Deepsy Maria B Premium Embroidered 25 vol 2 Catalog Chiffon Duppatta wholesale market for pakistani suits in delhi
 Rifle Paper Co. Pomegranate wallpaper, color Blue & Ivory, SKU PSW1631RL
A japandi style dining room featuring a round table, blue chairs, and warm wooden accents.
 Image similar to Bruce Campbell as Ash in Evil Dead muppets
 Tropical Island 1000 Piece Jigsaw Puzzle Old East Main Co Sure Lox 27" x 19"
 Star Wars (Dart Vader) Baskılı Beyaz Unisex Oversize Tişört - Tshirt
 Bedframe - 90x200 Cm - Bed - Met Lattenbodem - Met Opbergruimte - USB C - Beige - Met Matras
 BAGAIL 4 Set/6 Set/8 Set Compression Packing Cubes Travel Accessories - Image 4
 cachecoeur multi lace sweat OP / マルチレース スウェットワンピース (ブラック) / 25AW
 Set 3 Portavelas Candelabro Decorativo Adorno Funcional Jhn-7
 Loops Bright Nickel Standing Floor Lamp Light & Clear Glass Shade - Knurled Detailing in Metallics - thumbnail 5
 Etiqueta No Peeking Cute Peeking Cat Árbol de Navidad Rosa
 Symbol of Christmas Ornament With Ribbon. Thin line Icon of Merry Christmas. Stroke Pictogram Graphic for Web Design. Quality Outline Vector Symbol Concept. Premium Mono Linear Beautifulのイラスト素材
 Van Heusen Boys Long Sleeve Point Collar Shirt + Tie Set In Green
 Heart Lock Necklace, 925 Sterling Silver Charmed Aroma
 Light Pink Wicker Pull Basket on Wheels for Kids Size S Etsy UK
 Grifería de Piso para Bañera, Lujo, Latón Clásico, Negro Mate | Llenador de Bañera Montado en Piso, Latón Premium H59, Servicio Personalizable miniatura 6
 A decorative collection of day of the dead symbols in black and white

------------------------------------------------

Exercise description: Everything from the first line of the material through the line containing "Set 3 Portavelas" is to be printed exactly; lines after that are to be left out.

Exercise answer:
Deepsy Maria B Premium Embroidered 25 vol 2 Catalog Chiffon Duppatta wholesale market for pakistani suits in delhi
 Rifle Paper Co. Pomegranate wallpaper, color Blue & Ivory, SKU PSW1631RL
A japandi style dining room featuring a round table, blue chairs, and warm wooden accents.
 Image similar to Bruce Campbell as Ash in Evil Dead muppets
 Tropical Island 1000 Piece Jigsaw Puzzle Old East Main Co Sure Lox 27" x 19"
 Star Wars (Dart Vader) Baskılı Beyaz Unisex Oversize Tişört - Tshirt
 Bedframe - 90x200 Cm - Bed - Met Lattenbodem - Met Opbergruimte - USB C - Beige - Met Matras
 BAGAIL 4 Set/6 Set/8 Set Compression Packing Cubes Travel Accessories - Image 4
 cachecoeur multi lace sweat OP / マルチレース スウェットワンピース (ブラック) / 25AW
 Set 3 Portavelas Candelabro Decorativo Adorno Funcional Jhn-7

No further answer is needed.